§ Prompt
Of all the lines below, output only those starting at the one with "Μάθημα Tai Nui" and ending at the one with "Phillips Cemetery Road", both ends included, exactly as written.

§ Data extract
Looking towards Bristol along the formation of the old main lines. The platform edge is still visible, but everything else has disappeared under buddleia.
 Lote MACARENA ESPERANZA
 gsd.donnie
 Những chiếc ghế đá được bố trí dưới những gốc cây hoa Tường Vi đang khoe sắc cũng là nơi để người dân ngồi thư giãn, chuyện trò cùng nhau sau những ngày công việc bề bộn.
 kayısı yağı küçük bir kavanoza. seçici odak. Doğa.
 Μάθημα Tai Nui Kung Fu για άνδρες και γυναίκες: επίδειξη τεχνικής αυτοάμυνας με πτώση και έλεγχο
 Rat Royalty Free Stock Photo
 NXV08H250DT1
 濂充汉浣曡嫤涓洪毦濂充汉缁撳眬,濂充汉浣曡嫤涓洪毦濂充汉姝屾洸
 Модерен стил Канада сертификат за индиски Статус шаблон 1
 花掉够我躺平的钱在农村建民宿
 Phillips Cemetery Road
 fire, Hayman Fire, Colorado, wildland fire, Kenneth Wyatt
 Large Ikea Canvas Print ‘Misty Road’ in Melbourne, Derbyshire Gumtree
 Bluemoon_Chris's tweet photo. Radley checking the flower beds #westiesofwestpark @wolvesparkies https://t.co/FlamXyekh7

§ Written reply
 Μάθημα Tai Nui Kung Fu για άνδρες και γυναίκες: επίδειξη τεχνικής αυτοάμυνας με πτώση και έλεγχο
 Rat Royalty Free Stock Photo
 NXV08H250DT1
 濂充汉浣曡嫤涓洪毦濂充汉缁撳眬,濂充汉浣曡嫤涓洪毦濂充汉姝屾洸
 Модерен стил Канада сертификат за индиски Статус шаблон 1
 花掉够我躺平的钱在农村建民宿
 Phillips Cemetery Road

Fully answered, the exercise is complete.